It’s Kind of a Funny Story est le troisième roman de Ned Vizzini, sorti en 2006. Il a été traduit en français par Fanny Ladd, sous le titre Tout Plutôt qu’être Moi et est disponible aux éditions La Belle Colère. Mon exemplaire, édité par Hyperion, fait un peu plus de 450 pages.

Résumé

En apparence, Craig Gilner, 15 ans, a tout pour être heureux : il a été admis dans l’école de ses rêves, il a de bons amis et une famille qui l’aime. Mais la vérité est plus sombre. Craig souffre de dépression. Le jour où le quotidien devient trop dur à supporter et qu’il a des pensées suicidaires, il décide de se faire interner, pour quelques jours, en hôpital psychiatrique.
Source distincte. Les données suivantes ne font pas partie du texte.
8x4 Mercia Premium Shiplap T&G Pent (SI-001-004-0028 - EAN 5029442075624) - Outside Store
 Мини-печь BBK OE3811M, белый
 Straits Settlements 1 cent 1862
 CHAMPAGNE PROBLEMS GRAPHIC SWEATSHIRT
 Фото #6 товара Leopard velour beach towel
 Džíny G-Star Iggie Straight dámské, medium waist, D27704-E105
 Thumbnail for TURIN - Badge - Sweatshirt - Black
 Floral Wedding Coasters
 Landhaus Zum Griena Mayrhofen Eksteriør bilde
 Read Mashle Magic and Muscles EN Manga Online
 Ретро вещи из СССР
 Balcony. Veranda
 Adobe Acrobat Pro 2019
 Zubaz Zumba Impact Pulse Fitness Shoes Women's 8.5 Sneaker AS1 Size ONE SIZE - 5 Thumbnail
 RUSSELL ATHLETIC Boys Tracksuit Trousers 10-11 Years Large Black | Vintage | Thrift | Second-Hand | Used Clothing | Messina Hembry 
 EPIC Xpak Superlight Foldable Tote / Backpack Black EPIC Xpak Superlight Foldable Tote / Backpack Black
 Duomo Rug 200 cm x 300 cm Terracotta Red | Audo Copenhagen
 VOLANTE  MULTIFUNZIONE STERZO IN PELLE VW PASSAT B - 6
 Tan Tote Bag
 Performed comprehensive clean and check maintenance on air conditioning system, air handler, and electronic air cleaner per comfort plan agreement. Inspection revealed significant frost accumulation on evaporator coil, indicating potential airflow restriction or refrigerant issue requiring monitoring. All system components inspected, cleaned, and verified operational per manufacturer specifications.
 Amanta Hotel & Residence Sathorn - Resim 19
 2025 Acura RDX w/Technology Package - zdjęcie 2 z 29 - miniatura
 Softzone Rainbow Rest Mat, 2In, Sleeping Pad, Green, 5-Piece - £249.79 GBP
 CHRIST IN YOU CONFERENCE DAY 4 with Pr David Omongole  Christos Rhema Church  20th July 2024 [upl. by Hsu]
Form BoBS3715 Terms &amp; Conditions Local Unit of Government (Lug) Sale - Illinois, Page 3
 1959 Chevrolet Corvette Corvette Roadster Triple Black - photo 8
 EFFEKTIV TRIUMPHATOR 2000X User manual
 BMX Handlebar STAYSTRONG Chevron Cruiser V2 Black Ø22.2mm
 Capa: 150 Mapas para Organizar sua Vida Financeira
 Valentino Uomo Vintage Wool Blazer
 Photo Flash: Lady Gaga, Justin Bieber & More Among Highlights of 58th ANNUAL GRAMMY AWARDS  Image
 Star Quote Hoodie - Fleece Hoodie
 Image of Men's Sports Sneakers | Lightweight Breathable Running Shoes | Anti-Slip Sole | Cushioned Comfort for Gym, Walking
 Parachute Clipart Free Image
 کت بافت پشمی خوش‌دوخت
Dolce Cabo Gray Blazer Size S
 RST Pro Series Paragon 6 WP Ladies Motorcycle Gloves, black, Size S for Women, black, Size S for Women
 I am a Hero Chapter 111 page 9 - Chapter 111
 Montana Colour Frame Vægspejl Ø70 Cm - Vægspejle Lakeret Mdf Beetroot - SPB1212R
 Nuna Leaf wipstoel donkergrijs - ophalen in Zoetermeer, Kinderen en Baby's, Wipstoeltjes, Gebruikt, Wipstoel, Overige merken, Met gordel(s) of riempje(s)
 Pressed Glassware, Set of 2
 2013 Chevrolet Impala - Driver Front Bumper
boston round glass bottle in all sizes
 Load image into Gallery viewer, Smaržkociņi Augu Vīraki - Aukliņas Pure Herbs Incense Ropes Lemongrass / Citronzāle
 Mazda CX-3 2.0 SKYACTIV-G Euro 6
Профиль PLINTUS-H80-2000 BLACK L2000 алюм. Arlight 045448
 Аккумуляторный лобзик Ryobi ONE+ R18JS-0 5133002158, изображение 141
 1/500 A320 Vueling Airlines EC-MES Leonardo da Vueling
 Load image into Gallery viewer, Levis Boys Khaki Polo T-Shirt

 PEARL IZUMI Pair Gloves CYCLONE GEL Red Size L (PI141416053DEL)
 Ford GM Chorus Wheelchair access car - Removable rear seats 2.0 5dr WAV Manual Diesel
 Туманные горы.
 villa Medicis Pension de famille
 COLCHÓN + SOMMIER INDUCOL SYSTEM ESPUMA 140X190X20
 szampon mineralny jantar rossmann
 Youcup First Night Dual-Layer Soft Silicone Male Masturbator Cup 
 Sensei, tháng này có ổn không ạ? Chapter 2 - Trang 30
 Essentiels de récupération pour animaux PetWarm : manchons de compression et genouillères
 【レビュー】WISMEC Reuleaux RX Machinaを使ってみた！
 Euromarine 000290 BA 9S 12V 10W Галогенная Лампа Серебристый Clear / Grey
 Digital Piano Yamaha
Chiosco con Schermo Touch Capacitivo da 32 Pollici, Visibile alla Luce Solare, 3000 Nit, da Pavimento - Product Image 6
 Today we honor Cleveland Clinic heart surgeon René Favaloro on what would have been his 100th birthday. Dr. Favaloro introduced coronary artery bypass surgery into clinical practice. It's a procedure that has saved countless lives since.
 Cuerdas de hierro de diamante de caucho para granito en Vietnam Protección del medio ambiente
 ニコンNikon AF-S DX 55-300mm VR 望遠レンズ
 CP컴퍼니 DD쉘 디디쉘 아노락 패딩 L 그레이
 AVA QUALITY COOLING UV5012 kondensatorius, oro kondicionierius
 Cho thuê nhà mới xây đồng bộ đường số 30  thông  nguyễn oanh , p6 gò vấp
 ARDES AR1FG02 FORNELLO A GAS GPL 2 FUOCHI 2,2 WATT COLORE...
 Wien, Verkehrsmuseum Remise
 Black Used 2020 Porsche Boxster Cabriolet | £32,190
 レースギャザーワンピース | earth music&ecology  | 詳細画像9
Là-bas, il rencontrera d’autres patients hauts en couleurs et devra faire face aux causes de sa dépression…

 

Note

10/10 !

Sans hésitation aucune, c’est un gros coup de coeur. J’ai ri, j’ai été émue, je me suis énormément attachée aux différents personnages. C’est un livre qui parle de la dépression adolescente, de la pression de la société, sans tabous, avec justesse et vérité, mais aussi avec humour, tendresse et espoir. Un must read !

Mon avis

Si j’étais fan de comparaisons un peu niaises, je dirais que ce livre est comme une flèche d’émotions qui m’a touchée en plein coeur. Heureusement pour vous (et pour moi), je ne suis pas une fan de comparaisons un peu niaises. Alors en guise d’introduction, je me contenterai de dire trois choses. Tout d’abord, un millier de mercis à Ned Vizzini pour avoir réussi à écrire un livre si juste et « léger » sur un thème si grave. Et ensuite, s’il y a bien un livre que j’aurais aimé avoir entre les mains il y a quelques années de cela, quand, moi non plus, je n’arrivais plus vraiment à voir du sens à ma vie, eh bien ce serait celui-là. Et finalement, je suis toujours émue, bien que j’aie tourné la dernière page hier matin. Parce que ce livre a fait résonner en moi des expériences passées que, je l’avoue, je préfère oublier mais qui, malgré tout, me définissent et ont fait de moi… Eh bien, moi.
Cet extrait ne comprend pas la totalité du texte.